Signing Mail, 2022 Edition
About three years ago, I said:
I have been signing outgoing electronic mail, on and off, for many years.
It’s getting harder.
The S/MIME certificate I bought back then is about to expire, so I needed to renew.
The trend, let’s say, continues.
This year, the biggest issue is that the <keygen>
key generation mechanism used by certification
authorities is almost extinct: most browsers no longer implement it.
A short summary of the situation from Sectigo’s support page is:
S/MIME certificates can be applied only using Internet Explorer on Windows.

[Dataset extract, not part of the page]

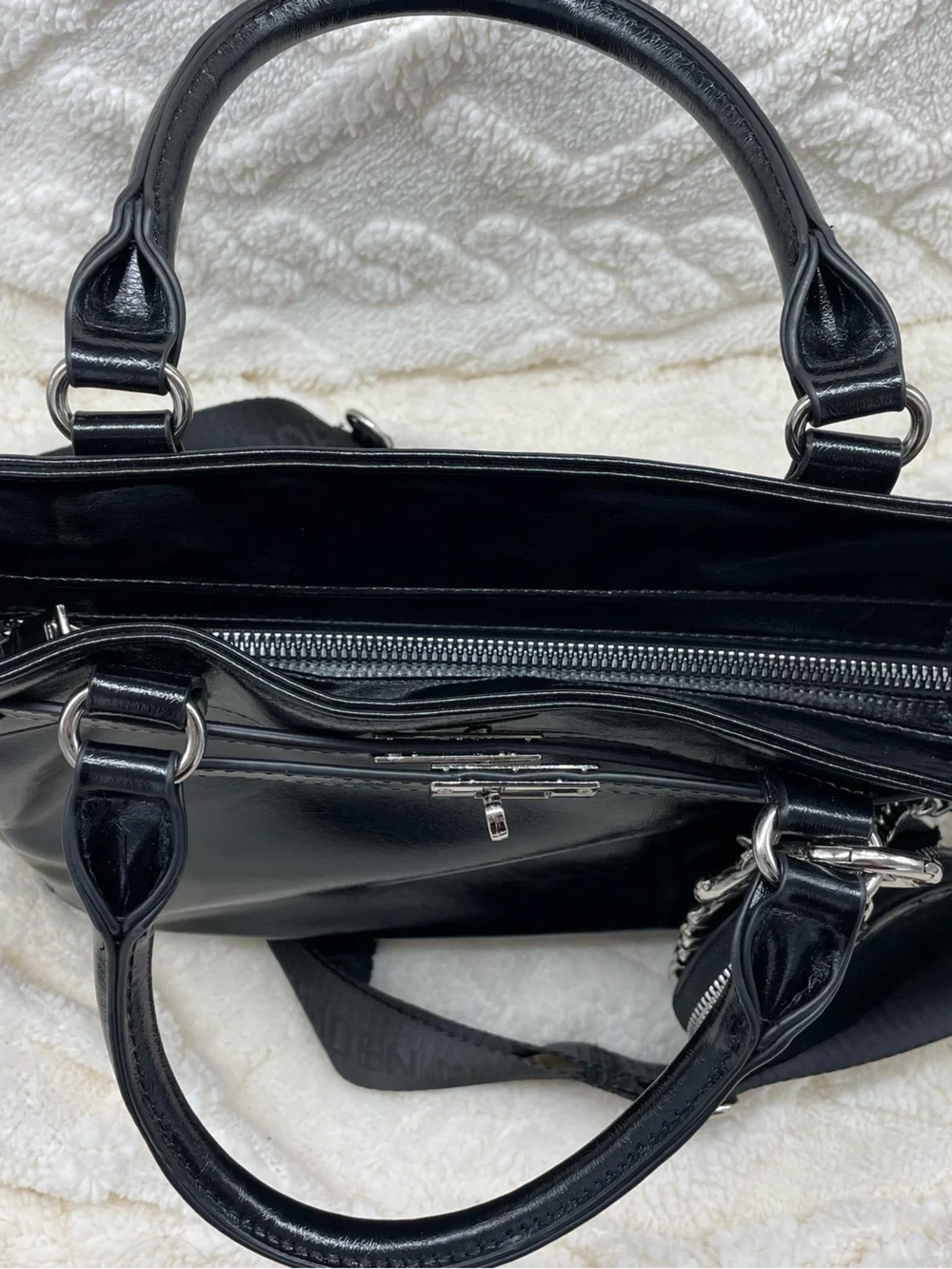 Steve Madden/ Madden NYC Black Patent Satchel with Branded Strap and Coin Pouch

Internet Explorer is itself officially dead as of literally this past Tuesday, so it’s not clear that this is a sustainable position. Fortunately, it hasn’t been removed from my Windows 10 virtual machine yet so I was eventually — after two hours of infuriating trial and error — able to get a new certificate.

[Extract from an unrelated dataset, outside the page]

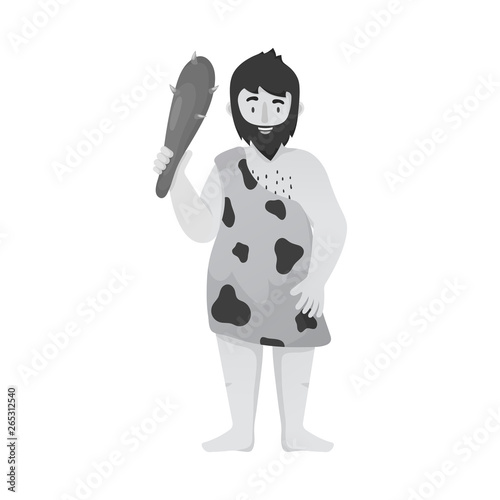 Vector illustration of neanderthal and man sign. Set of neanderthal and prehistoric vector icon for stock.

I’m not sure what will happen in two years when I need to renew again; I’m not confident that it will be possible to get a personal certificate at all at that point unless you’re working at the corporate level.
In my 2019 iteration of this post, I noted that there was an Internet-Draft describing an ACME mechanism for provisioning S/MIME certificates. Some people hoped that Let’s Encrypt (which has revolutionised the provision of TLS certificates) would provide the same kind of service on the S/MIME side. However, they’re not really set up or funded to address this problem and expressed no interest in doing so.
Things have moved on somewhat in that the Internet-Draft has become RFC 8823. There has even been some discussion at the CA/Browser Forum about incorporating this mechanism into their standards. However, I still see no sign of anyone preparing to step up and provide such a service to the public.
Watch this space, I guess, for at least another couple of years.